You can add numbers to Numpy arrays (n + my_array) to add the number to each element, same with multiplication with a number etc.
You can also add 2 Numpy arrays together (arr1 + arr2) to add them element by element, same with multiplication etc.
f. cv2.imshow(title_of_window, frame_array) displays an image.
g. cv2.waitKey(n) waits n ms for a key to be pressed and returns the code of that key.
cv2.waitKey(n) & 0xFF gives the ASCII code of the letter (so the if is executed when we press “q”).
2. Shrink the frame!
We don’t need a full HD image.
More pixels to process = more work = slower execution = bad.
Shrink the frame until you could fit around 12 separate windows of that size on your screen.
HINTS:
a. To resize use cv2.resize(frame, (new_width, new_height)), it returns the resized frame.
b. To get the size of the frame use frame.shape (tuple of (height, width))
3. Convert the frame to Grayscale!
We don’t need the colors. Too much work. Get rid of them.
Think about how to convert a 3-tuple of colors to a single “color” because you will have to explain it even if you use a cv2 function.
HINTS:
a.There is a cv2 function that does exactly this (cvtColor)
OR
a) You could create a separate blank frame and set each pixel manually to be a shade of gray according to the color version of the image.

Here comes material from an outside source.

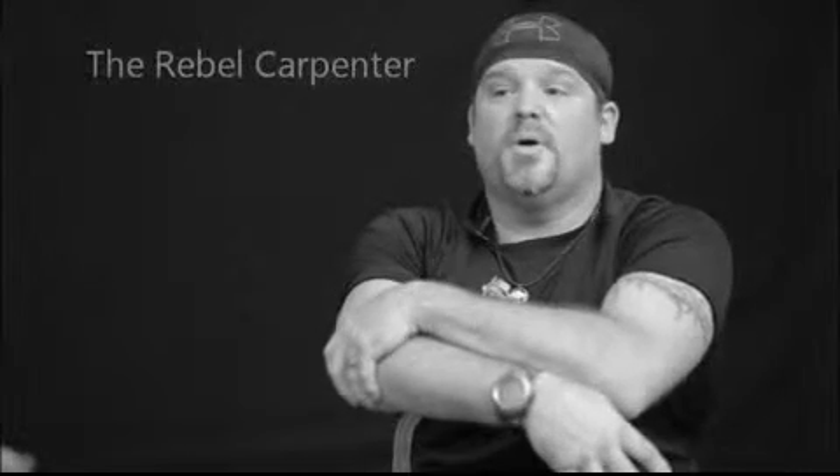Are you looking for an outdoor living environment with an attitude? If you're tired of the same boring square solution to your well-rounded life, then welcome to my world. My name is Jason Russell, I am from Tacoma, Washington, and I am the Rebel Carpenter.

Color images are 3D matrices because each pixel/element is a 3-element vector
Grayscale matrices are 2D matrices because each element is simply a shade of gray between black and white (0 and 255)
b)To create a new frame you can use np.zeros((width, height), dtype = np.uint8) to create an array full of 0’s (completely black), the 0’s being C-style unsigned chars.
(here is where we need to specify that uint8 data type because we need the array to be an array of unsigned chars)
c) Now iterate over it with a couple of for loops and set each pixel manually according to the colored frame
(or you could try an easier way by taking whatever you did to the individual color values to turn a pixel into a shade of gray and applying that method directly to the color image).
4. Select only the road!
The road is almost always in the lower part of the image and almost always in the shape of a trapezoid.
We can use this knowledge to select only the road.
a. To do this you need to create a black frame of the same size as your main frame but full of 0’s (using np.zeros explained in ex. 2 and frame.shape explained in ex. 1).
Then create a trapezoid shape in it made of 1’s like in the left example.
NOTE: 1 is very close to 0, which is absolute black, if you try to imshow the trapezoid directly it will just show a black image. There is a hint below on how to display an image like the left example.
i. To create the trapezoid you simply need the coordinates of the corners, in trigonometrical order (upper right, upper left, lower left, lower right).
Each of corner point is a normal tuple of 2 ints point = (x, y).
The coordinates can be fractions of the image dimensions.
For example the y of the upper left corner might be just a little below the middle of the image.
In this case that y might be y = int(height * 0.55) since the top is 0.0 and the bottom is
1.0, so 0.55 is just a bit lower than the half-point.
Compute the 4 coordinates of the trapezoid in 4 variables:
ii. Once you have the bounds of the trapezoid ((x, y) coordinates of the corners) place them in a Numpy array in the specified order: np.array([pt1, pt2, pt3, pt4], dtype = np.int32).
This array is an int32 array since they are not pixels of an image but coordinates of
points.
iii. Once you have the array of the points of the trapezoid you should draw them onto an empty frame.
Create an empty black frame using np.zeros explained in ex. 2 and frame.shape explained in ex. 1.
Then use cv2.fillConvexPoly(frame_in_which_to_draw, points_of_a_polygon, color_to_draw_with) to draw the trapezoid onto the frame.
The points are a Numpy array as defined at ii.
The color is going to be 1 since we want an image of 1’s and 0’s.
Now display the trapezoid using cv2.imshow.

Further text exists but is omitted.